Visa announced a new enterprise platform on July 16, 2026, designed to help banks, fintechs, and payment providers mint stablecoins, manage wallets, and settle transactions. The move signals the payments giant's deeper push into blockchain-based infrastructure.
What the platform offers
The platform bundles tools for issuing stablecoins on various blockchains, custody and wallet management, and settlement rails that connect to Visa's existing network. Visa says the offering is aimed at financial institutions that want to experiment with or launch their own digital currencies without building the underlying tech from scratch.
It's not a consumer product. Instead, it's a white-label service for companies that already have regulatory approvals or are seeking them. Visa will handle the technical heavy lifting — smart contract deployment, key management, and integration with payment systems.
Why now
Stablecoin volumes have grown sharply over the past two years, and more banks are exploring tokenized deposits and settlement coins. Visa already runs pilot programs with several partners, including a project with a major Latin American fintech. The new platform formalizes those experiments into a commercial product.

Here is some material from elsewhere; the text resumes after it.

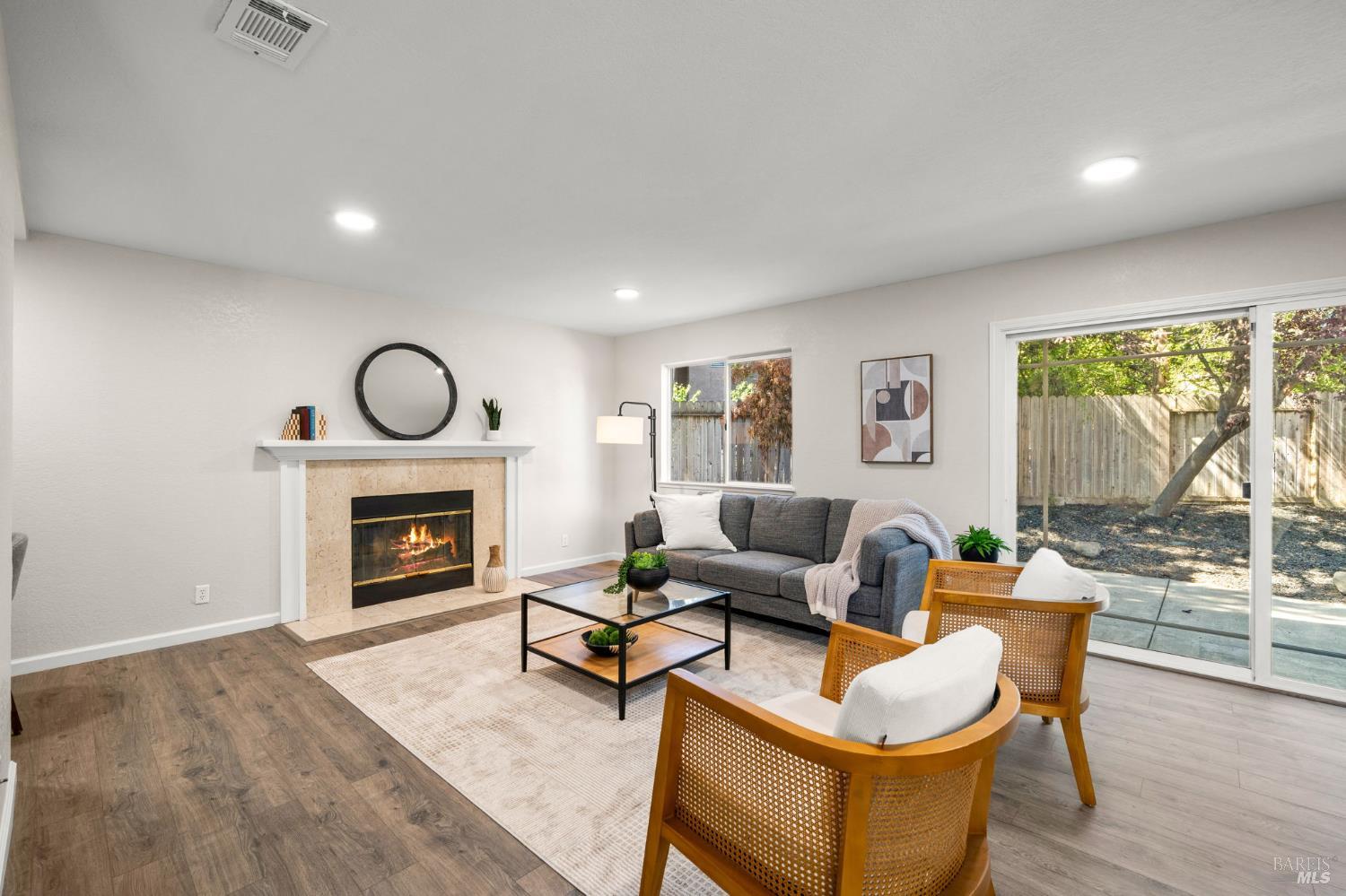 Detail Gallery Image 17 of 41 For 2921 Willow Ct, Fairfield,  CA 94533 - 3 Beds | 3 Baths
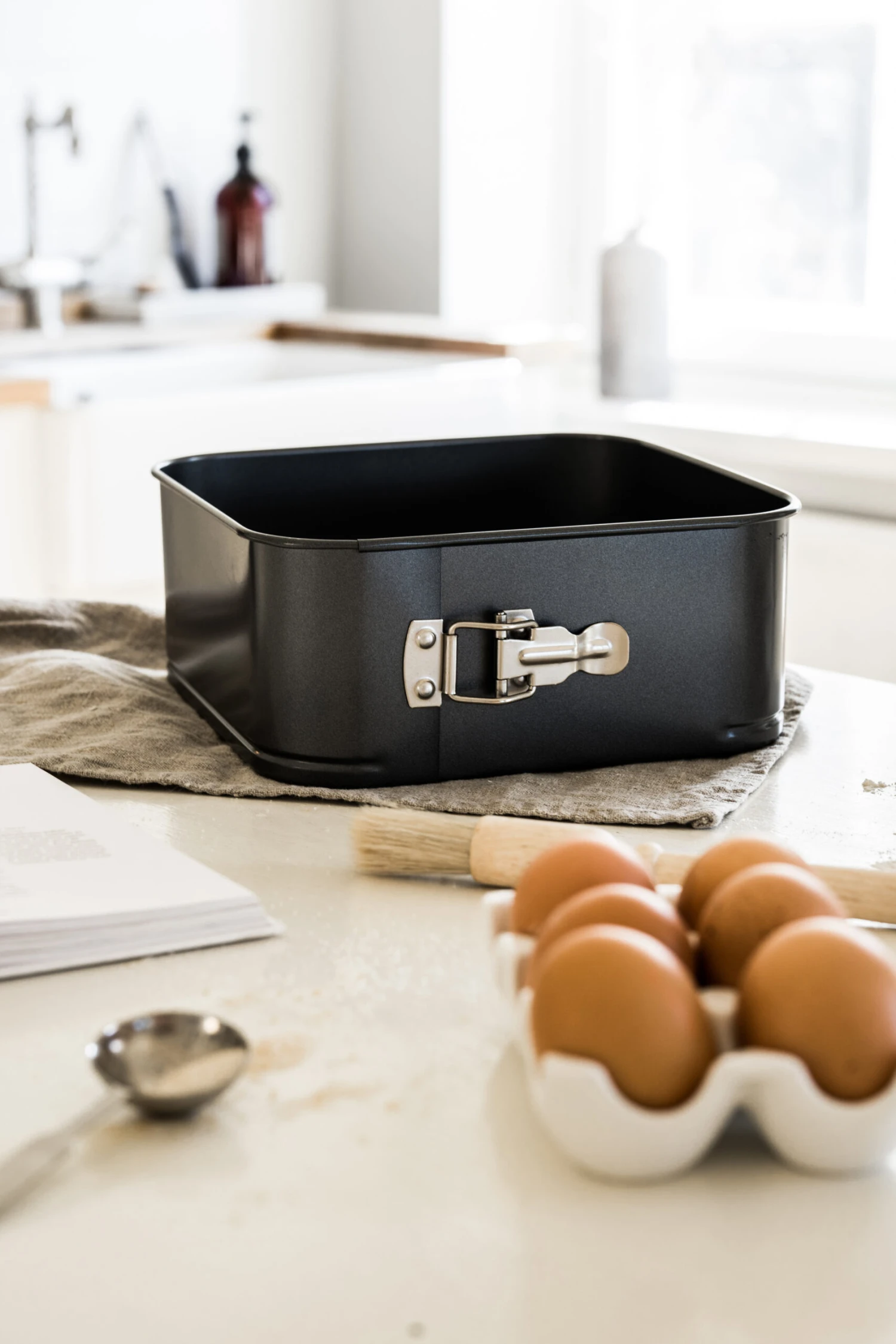 Heirol Neliönmuotoinen Irtopohjavuoka Extrakorkea 5 Heirol Neliönmuotoinen Irtopohjavuoka Extrakorkea - Image 3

But the company isn't promising an immediate gold rush. Adoption will depend on how the beta tests go, whether institutional demand materializes, and how quickly Visa can expand beyond the initial group of select clients. The platform is launching in a limited beta first.
Visa hasn't named the first beta participants or given a timeline for general availability. The company is expected to share more details in the coming months as the beta progresses. For now, the platform is open to interested institutions that meet Visa's criteria.